Which is super-interesting, because a game like Total War is what a lot of people would call hardcore. And yet by Troy’s definition, this guy is casual because he’s only interesting a small slice of the gaming pie out there. Troy also had a good point that I hadn’t thought of: one way that a person can be perceived as more hardcore is if they follow the gaming press.

Darren’s Comment

Darren Torpey of The Designer’s Scroll (his not-updated-often-enough gaming blog) wrote:

How do you describe a gamer who buys more than a dozen games a year and never beats any of them? I play games largely for the novelty of the experience (as Craig so aptly pointed out a while ago). I’m extraordinarily games-literate, I really get into the games I play, and I consider games to be a deep part of my entertainment time in my life. Together, I’d say that’s what makes me “hardcore”. I just hate the implication that hardcore means you have to master everything you play and turn games into a pathetic, juvenile pissing contest.

Ahh, mastery. James Paul Gee has written (in What Video Games Have to Teach Us About Learning and Literacy) some great things about games as mastery systems.

Tying it All Together

So between what I wrote and what my readers wrote, we find certain attributes that may describe a gamer who is… I actually don’t know what we’re describing. Some would say a hardcore gamer. Some would say a literate gamer. I’m sure there’s a better term.

  • Mastery level: how much you seek to dominate a game system.
  • Heavy time commitment: simple hours per week spent gaming.
  • Variety of gaming interest: do you only play World of Warcraft and nothing else, or do you have gaming wanderlust, always seeking new experiences?
  • Interest in gaming current events: do you read gaming blogs, magazines, etc?
  • Giving back to the community: do you contribute to the gaming community somehow?

I added that last bullet point just now because I think that propels you into a new level of involvement with video games. Do you run a fan page? Have you contributed to a community project like GameFAQs or MobyGames? Are you active on a forum? Maybe you’ve made a mod or two?

Anyway, I think what I’m trying to describe here is someone for whom gaming is a primary interest. Wish I had a word for it. But I think that if anyone has maybe three of the five bullet points I listed, they fit into this nebulous category.

Questions for Readers

Do you have any more bullet points to add?

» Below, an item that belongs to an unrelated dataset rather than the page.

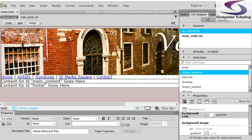Welcome to another training session in Dreamweaver. Last time we looked at CSS, the Cascading Style Sheets, so that we could change the colors of the page and the text on the page.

Do you have a name for what I’m trying to describe?

{ 1 comment }

Darren Torpey July 14, 2006 at 4:00 am

This is a very interesting topic, so I’ll have to keep myself from going too far on a tangent here, but….

One thing I want to point out is that I in no way meant to belittle the value of mastery as an aspect of the fun and deep involvement that games can provide. As you know, Darius, I love Gee’s book on games, learning and literacy.

As a matter of fact, I think that mastery can, on some level, be an even more important aspect of the gaming experience for “casual” gamers than for less-than-casual ones. The trick is: how much mastery is needed for it to be appreciable? Adding to that I’d ask: how much mastery does it take to reach the height of the game’s experience or experience most of its content?

For example: how much mastery does it take to simply get through all of Final Fantasy X’s storyline — as opposed to how much it takes for a presumably hardcore player to accomplish all the tricky and time-consuming side-goals?